**Required work**
Restate word for word the section of the entries that opens at the line containing "Eine reife Frau" and closes at the line containing "Rhipsalis burchellii", both lines kept, pictures dropped.
[Supplied records — start]
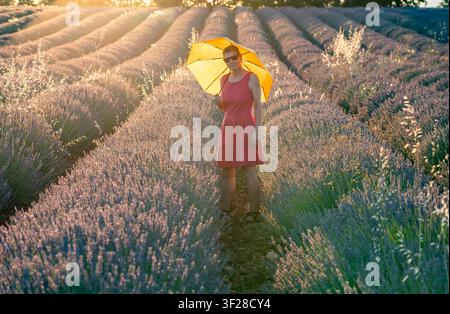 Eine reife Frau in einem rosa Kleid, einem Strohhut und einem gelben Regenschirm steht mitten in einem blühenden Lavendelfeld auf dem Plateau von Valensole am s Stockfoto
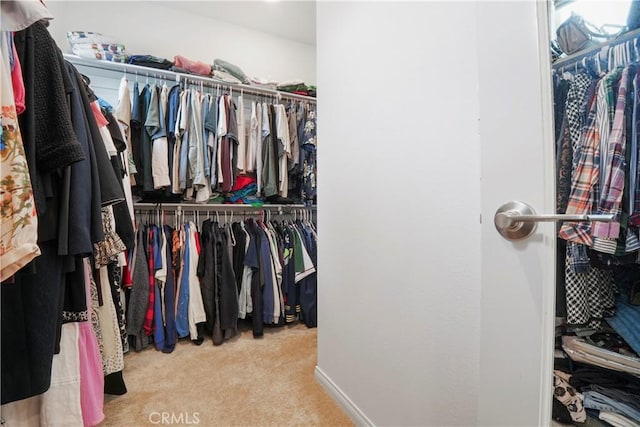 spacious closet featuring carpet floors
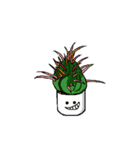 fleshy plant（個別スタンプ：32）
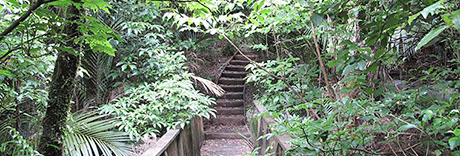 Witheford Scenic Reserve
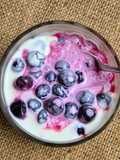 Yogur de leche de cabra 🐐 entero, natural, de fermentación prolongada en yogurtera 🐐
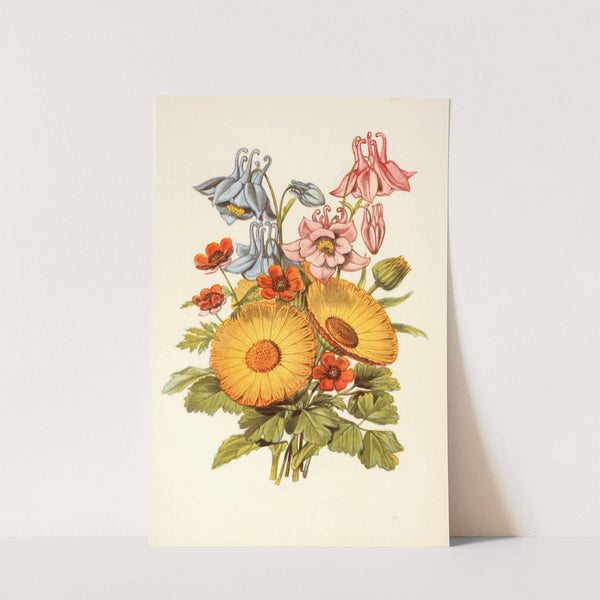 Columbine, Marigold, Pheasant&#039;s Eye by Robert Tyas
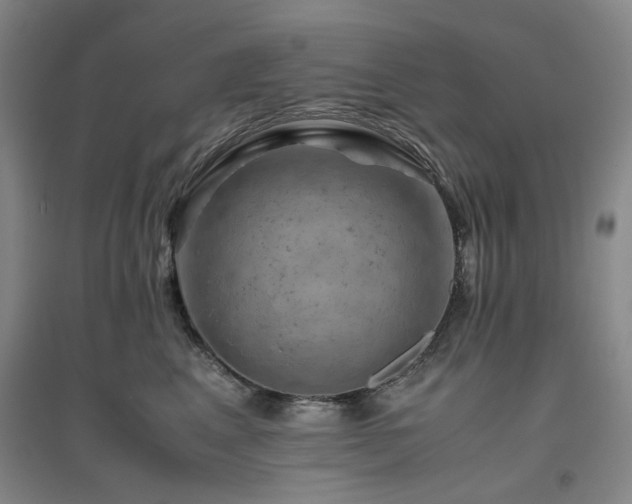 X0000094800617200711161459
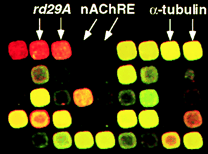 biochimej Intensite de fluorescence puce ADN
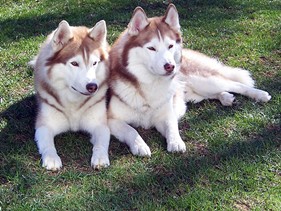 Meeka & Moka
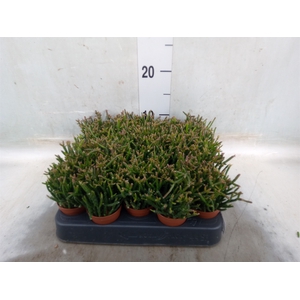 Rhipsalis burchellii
[Supplied records — finish]
[Supplied records — start]
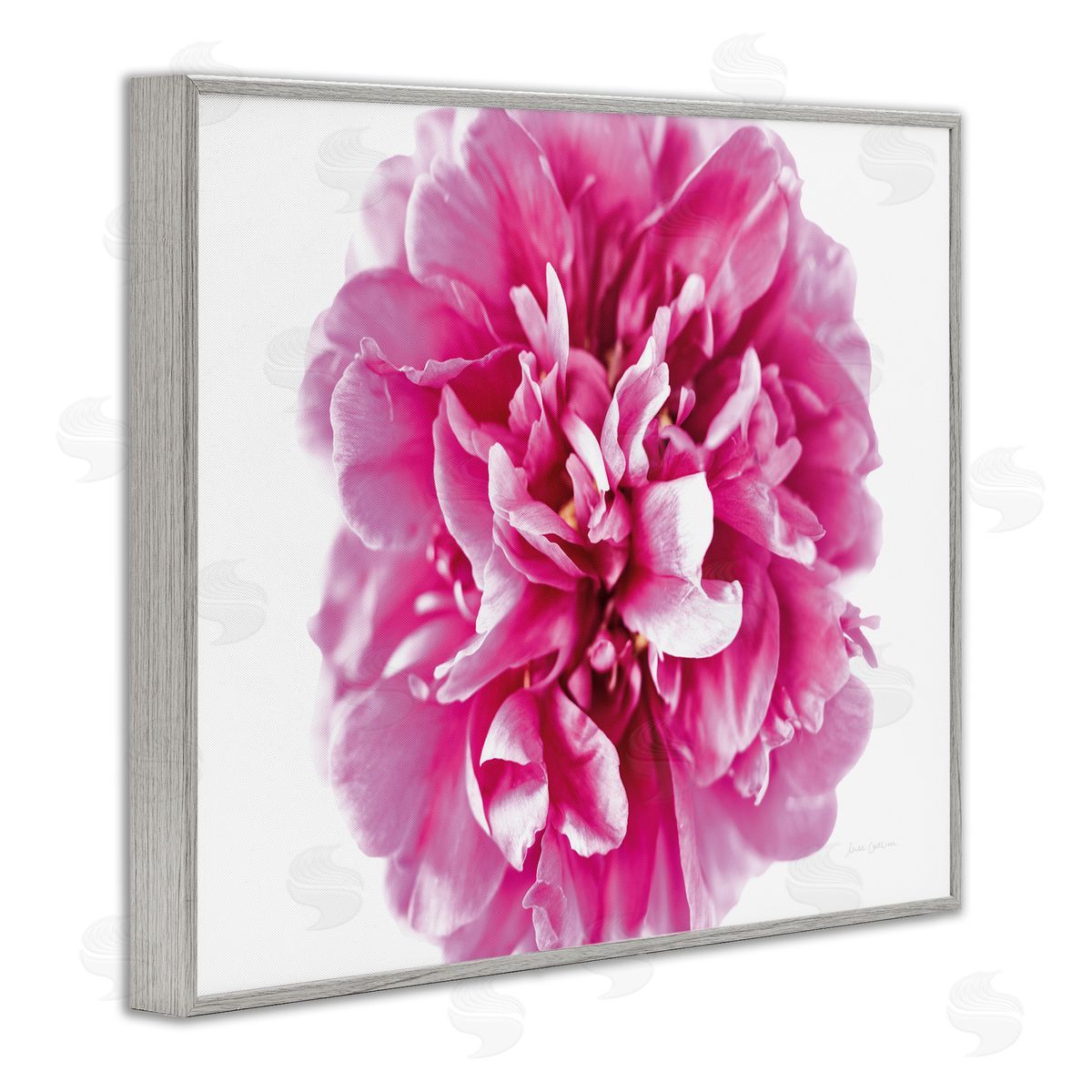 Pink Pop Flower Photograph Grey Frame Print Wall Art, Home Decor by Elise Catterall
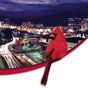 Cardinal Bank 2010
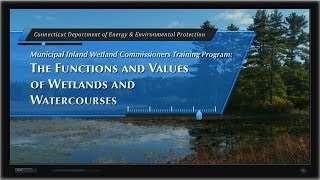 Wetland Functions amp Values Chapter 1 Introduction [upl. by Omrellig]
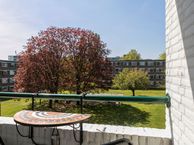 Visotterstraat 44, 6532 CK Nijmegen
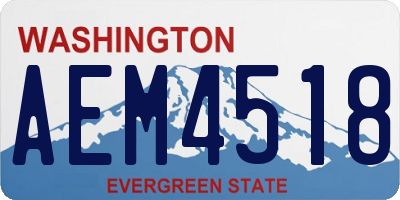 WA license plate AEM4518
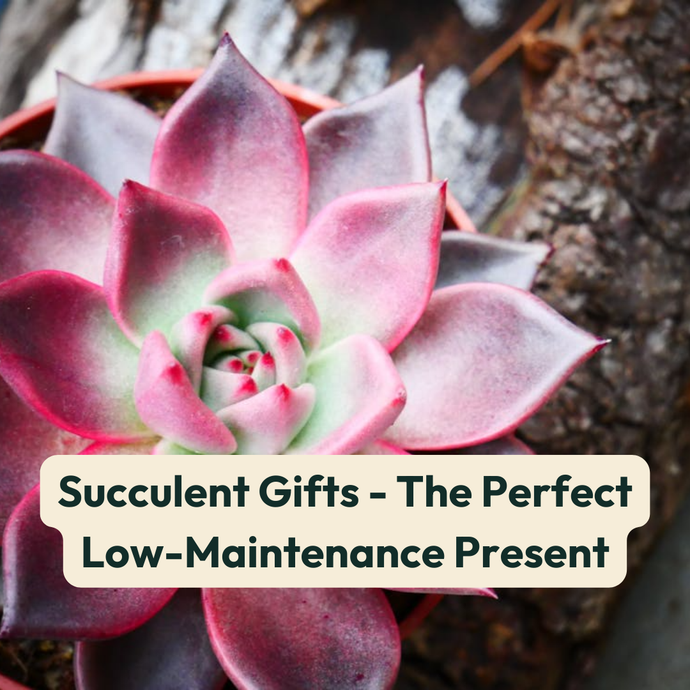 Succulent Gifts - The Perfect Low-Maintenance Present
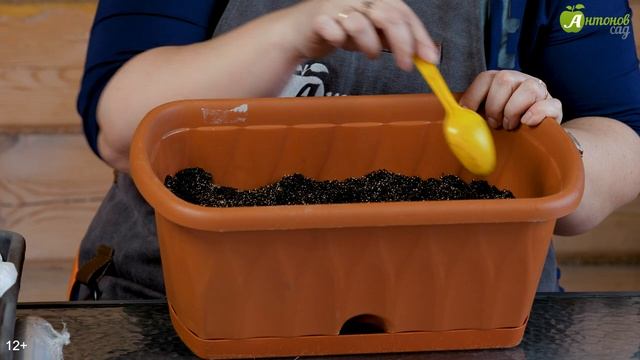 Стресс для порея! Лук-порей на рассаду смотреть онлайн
[Supplied records — finish]
[Supplied records — start]
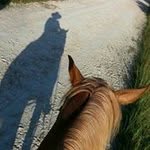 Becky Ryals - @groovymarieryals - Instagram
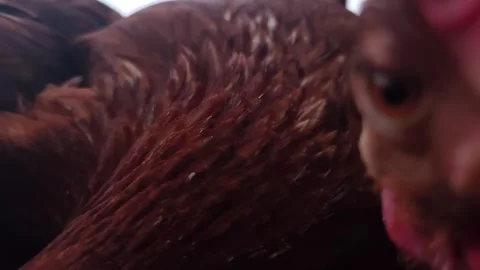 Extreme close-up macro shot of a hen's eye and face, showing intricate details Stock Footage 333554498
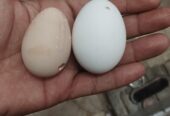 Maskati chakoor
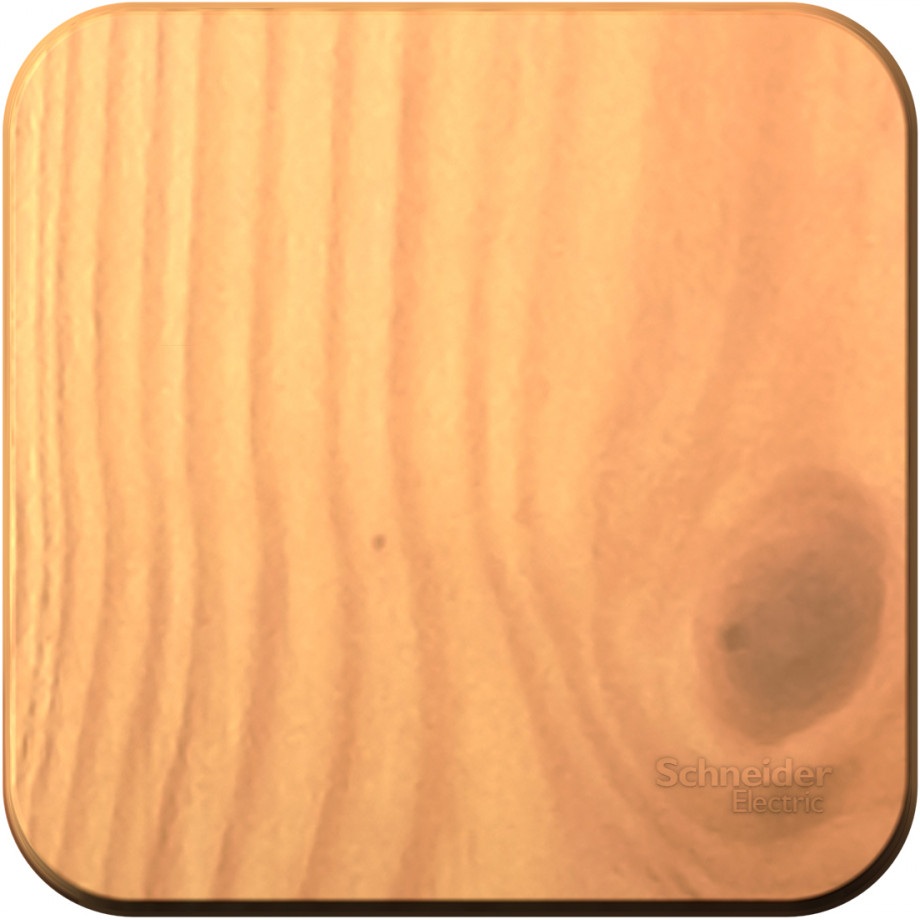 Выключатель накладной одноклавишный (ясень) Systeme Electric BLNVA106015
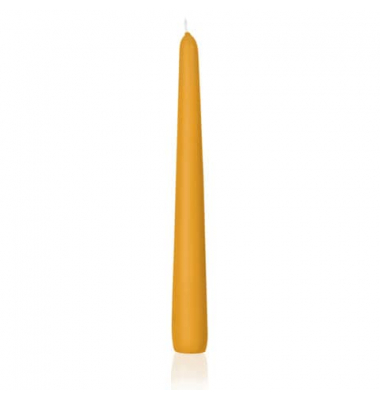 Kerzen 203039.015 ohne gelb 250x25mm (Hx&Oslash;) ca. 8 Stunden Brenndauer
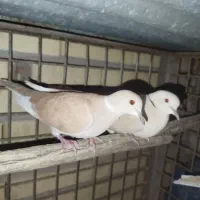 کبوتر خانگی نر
[Supplied records — finish]
**Answer to this problem**
 Eine reife Frau in einem rosa Kleid, einem Strohhut und einem gelben Regenschirm steht mitten in einem blühenden Lavendelfeld auf dem Plateau von Valensole am s Stockfoto
 spacious closet featuring carpet floors
 fleshy plant（個別スタンプ：32）
 Witheford Scenic Reserve
 Yogur de leche de cabra 🐐 entero, natural, de fermentación prolongada en yogurtera 🐐
 Columbine, Marigold, Pheasant&#039;s Eye by Robert Tyas
 X0000094800617200711161459
 biochimej Intensite de fluorescence puce ADN
 Meeka & Moka
 Rhipsalis burchellii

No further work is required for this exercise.